The LangRef needs both operands have the same type.
I guess on a 64bit system, this is fine. But making this one have type WideShadowTy would make them always consistent.

2195

If we lift this origin load out of the if-else, this if-else could be shared with the if-else before the for-loop, so the comments and the assertion assert(BytesPerWideShadow == 8); will also be shared.

FirstOrigin = DFS.loadNextOrigin(Pos, OriginAlign, &OriginAddr);
if () {
   ...
   Origins.push_back(FirstOrigin)
} else {
   ...
   Origins.push_back(FirstOrigin)
}
llvm/test/Instrumentation/DataFlowSanitizer/origin_load.ll
258

If WIDE_SHADOW_LO is named to be WIDE_SHADOW_1; and WIDE_SHADOW is named WIDE_SHADOW_12; and ORIGIN is named ORIGIN1;
and we do not reuse ORIGIN, but named new assignment to ORIGIN as ORIGIN23 if it is a select from ORIGIN2 and ORIGIN3, it helps read the code.

gbalats updated this revision to Diff 342049.Apr 30 2021, 2:45 PM
gbalats marked an inline comment as done.

Address reviewer comments.

Add lambda to remove code duplication and description for loadOrigin.

gbalats marked an inline comment as done.Apr 30 2021, 2:47 PM
gbalats added inline comments.
llvm/lib/Transforms/Instrumentation/DataFlowSanitizer.cpp
505

The "Next" part of the name alludes to a pointer advance (how can you load the next thing without advancing the pointer). Also, the fact that the OriginAddr param is passed by pointer (indicating that it will be updated). However, I did add some documentation to make it clearer.

2150

Done. Thanks for catching this!

2195

Done. Extracted to a lambda.

llvm/test/Instrumentation/DataFlowSanitizer/origin_load.ll
258

I think if we use WIDE_SHADOW_1 instead of _LO it will be difficult to differentiate between the different wide shadows and their left-shifted counterparts. The naming pattern I used is adding _LO suffix to indicate that WIDE_SHADOW(N)_LO is the left-shifted version of WIDE_SHADOW(N). Overwriting ORIGIN is essential to keep the test smaller by reusing the same expression later on (see lines 312, 316). We need a way to state that, whatever path has been taken (fast8 or fast16, combine load ptr or not), the ORIGIN will refer to the name of the final origin that we have computed. Otherwise, we'd have to replicate those lines as well even though they are essentially the same.

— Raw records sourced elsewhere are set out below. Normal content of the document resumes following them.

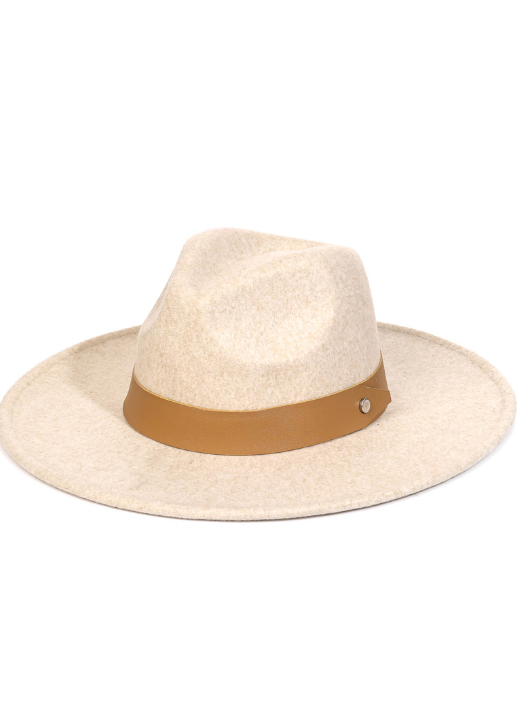 Hat in the color Beige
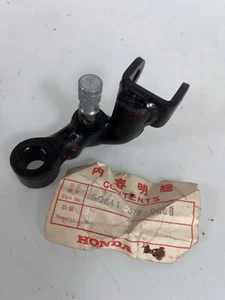 NEW GENUINE HONDA CB400F FRONT LEFT FOOTREST STEP BRACKET BAR 50641-377-000B - Picture 1 of 1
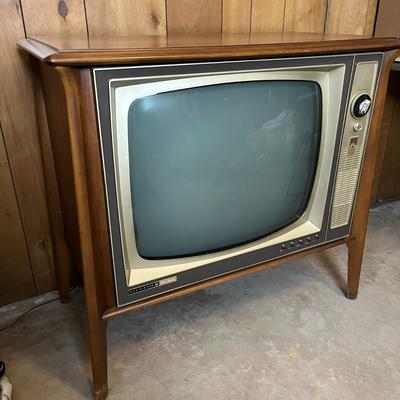 Mid Century RCA Victor New Vista Television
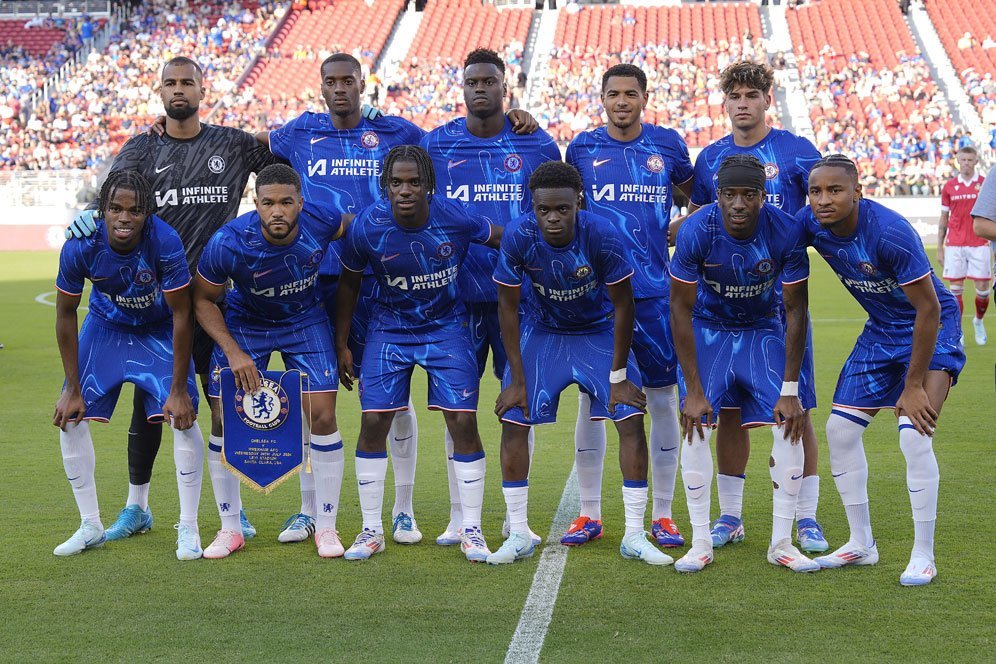 Skuad Chelsea Penuh: Jangankan Posisi Bermain, Tempat Ganti Baju Aja Gak Ada!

However, I can partially address this (remove some of the overwriting) when removing fast16.

stephan.yichao.zhao added inline comments.
llvm/test/Instrumentation/DataFlowSanitizer/origin_load.ll
258

Got it. I missed the pattern needs to be shared. Yes. Please see if this can be simplified after fast16 is removed.

This revision is now accepted and ready to land.Apr 30 2021, 2:52 PM
gbalats updated this revision to Diff 342056.Apr 30 2021, 2:57 PM
gbalats marked an inline comment as done.

Pulling latest changes

This revision was landed with ongoing or failed builds.Apr 30 2021, 3:58 PM
This revision was automatically updated to reflect the committed changes.